Acquired Colour Vision Defects

Colour vision defects (also called dyschromatopsias) that are caused by diseases or trauma may affect cone cells, inner retinal layers, optic nerve fibers or the visual cortex. The structural and functional changes may be patchy or diffuse and may affect vision in one eye more than in the other eye. For diagnostic purposes, the eyes are tested separately. For functional purposes, binocular measurements are more informative.

Macular lesions often cause a defect with the blue-yellow, or tritan, axis since there are fewer S-cones than L- and M-cones, and they are concentrated around the edge of the fovea. However, when the lesion is small or patchy, either there is no axis present or it varies from day to day.

Screening tests that are designed for revealing red-green defects do not pick up acquired defects in the blue-yellow axis. A few screening tests have plates for the blue-yellow defects.

Results in quantitative testing vary as a function of stimulus size. This is more pronounced in acquired colour vision defects than in congenital colour vision defects. Results from testing with small stimuli depict function in the preferred retinal locus used for fixation, whereas results from testing with large stimuli give information on colour perception in everyday life.

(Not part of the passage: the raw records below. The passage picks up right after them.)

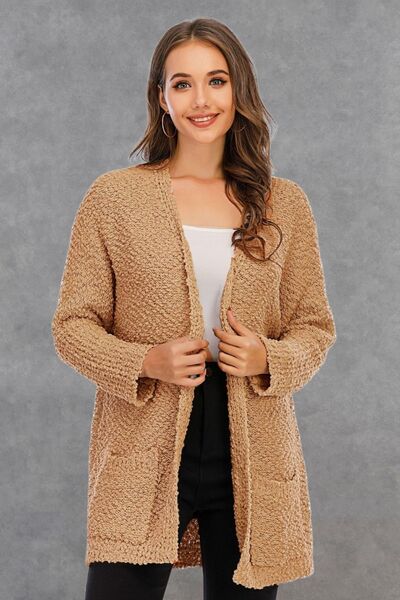 Pocketed Open Front Long Sleeve Cardigan - Flyclothing LLC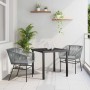 Conjunto de Comedor de Jardín 3 pcs Gris Poliratán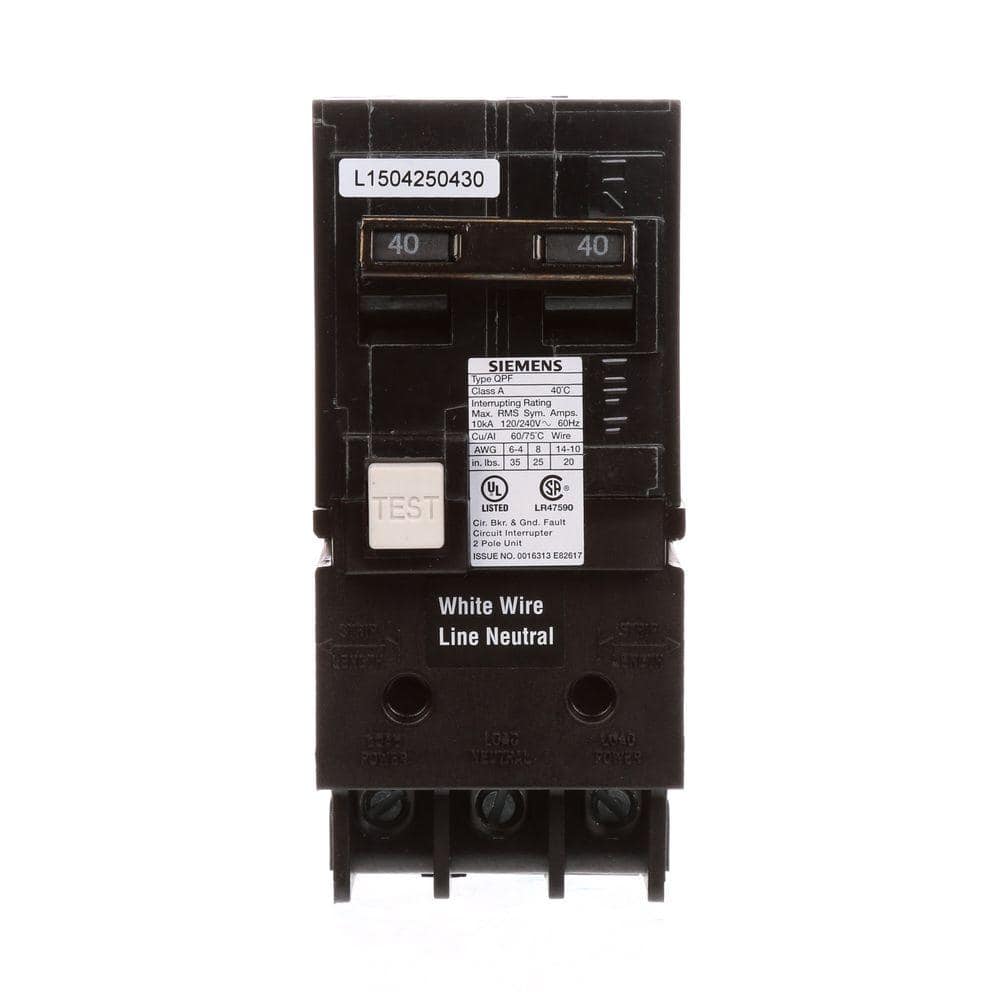 Siemens QPF 2-Pole GFCI Circuit Breaker, model QF230AP, product label detail, image 8
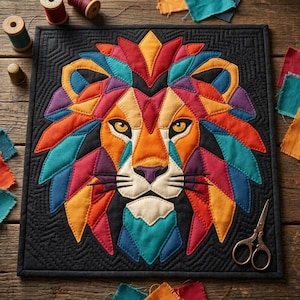 Lion Quilt Pattern, Applique & Collage Quilt, Animal Quilt Pattern PDF, Patchwork Wall Hanging, Folk Art Lion Template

Colour of an adjacent surface may alter the perceived brightness and hue of nearby colour surfaces. This causes an additional confusing factor in assessing vision for ADL (Activities of Daily Living).

In diagnostic evaluation the tester should be aware of the fact that reduced retinal illuminance due to cloudiness of the cornea, lens or vitreous distorts test results. In such cases, increased illumination may decrease the degree of the defect or make it disappear. Illumination should be either natural, overcast daylight at a window facing the northern sky (in Northern Hemisphere) or artificial light with colour temperature of 6774 K (Standard Illuminant C).